Gun-show loophole laws on the books in Florida, but ignored
A must-read story from Tampa Bay Times staff writer Peter Jamison:
It was a rare moment in American public life: A killer's shooting rampage had claimed lives young and old, giving rise to a burst of political will to strengthen gun laws.
In November 1998, Florida voters overwhelmingly approved an amendment to the state Constitution that allowed counties to mandate background checks for private gun sales — closing the so-called gun-show loophole. Public support for universal background checks had surged over the summer, after Tampa resident Hank Earl Carr, a volatile felon who acquired a stockpile of firearms despite his criminal record, fatally shot three law enforcement officers and a 4-year-old boy.
The constitutional amendment passed with 72 percent of the vote.

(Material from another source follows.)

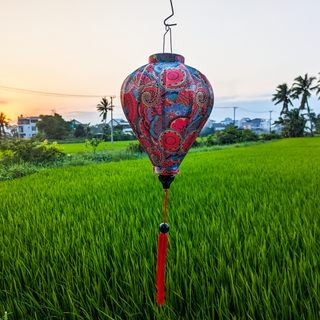 Geometric Paisley Red Lantern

With their newly granted authority, Florida's most populous urban counties, including Pinellas and Hillsborough, rushed to enact ordinances regulating gun shows. From a distance, it looked like a bracing example of voters making their will known on an issue that confounds politicians.
The reality is very different. Despite the amendment's passage and counties' actions, the requirements for criminal records checks on private gun sales are virtually unenforced in Florida.
Law enforcement officials, government attorneys and gun-show organizers say the ordinances are ignored in the seven counties — encompassing almost half of Florida's population — that currently have them.